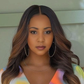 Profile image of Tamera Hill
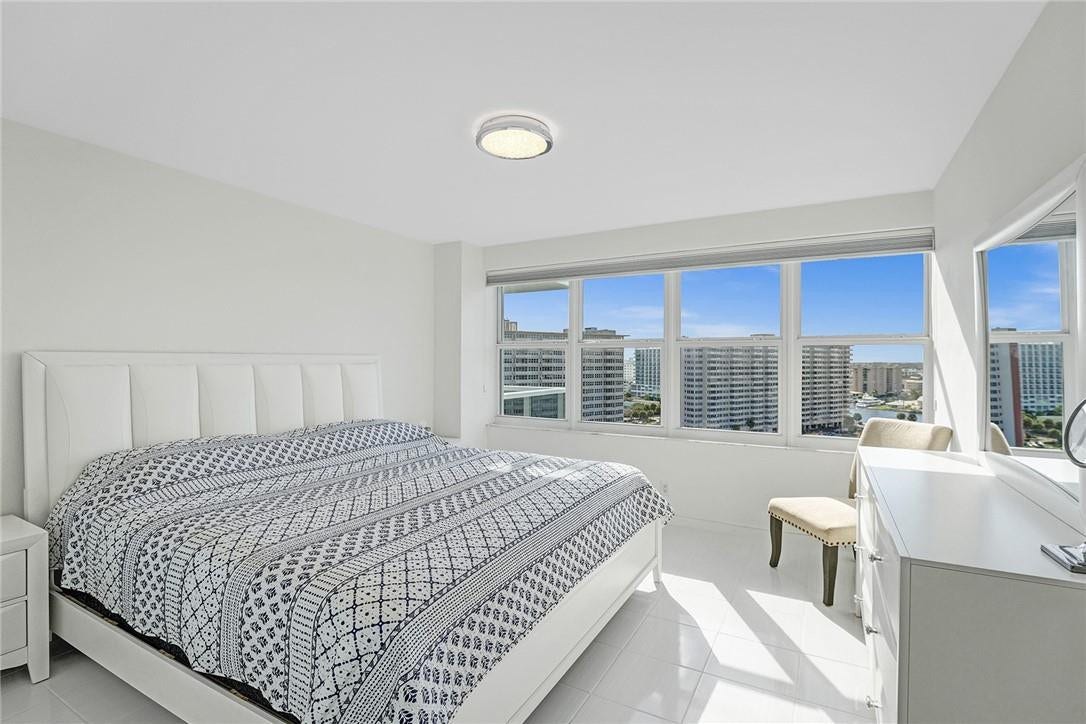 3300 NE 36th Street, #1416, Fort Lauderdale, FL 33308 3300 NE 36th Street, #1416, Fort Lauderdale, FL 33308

--

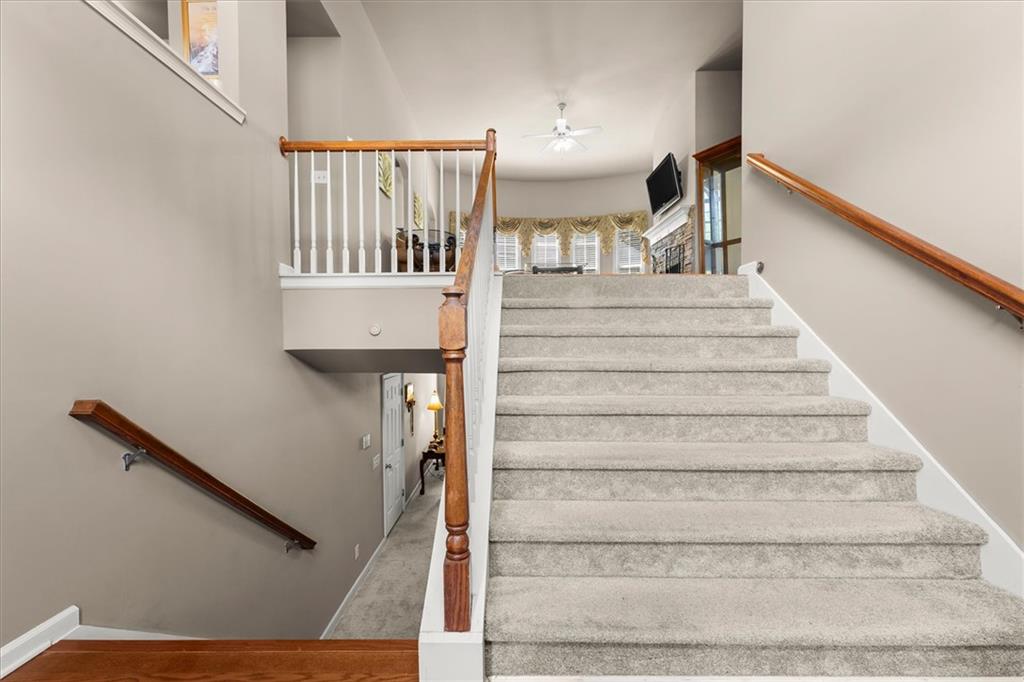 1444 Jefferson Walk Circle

WORK TO COMPLETE → Out of the records above, set down only the lines from the one that contains "Profile image of Tamera Hill" through the one that contains "3300 NE 36th Street, #1416, Fort Lauderdale, FL 33308 3300", unchanged and without the pictures.

WRITTEN RESPONSE →
 Profile image of Tamera Hill
 3300 NE 36th Street, #1416, Fort Lauderdale, FL 33308 3300 NE 36th Street, #1416, Fort Lauderdale, FL 33308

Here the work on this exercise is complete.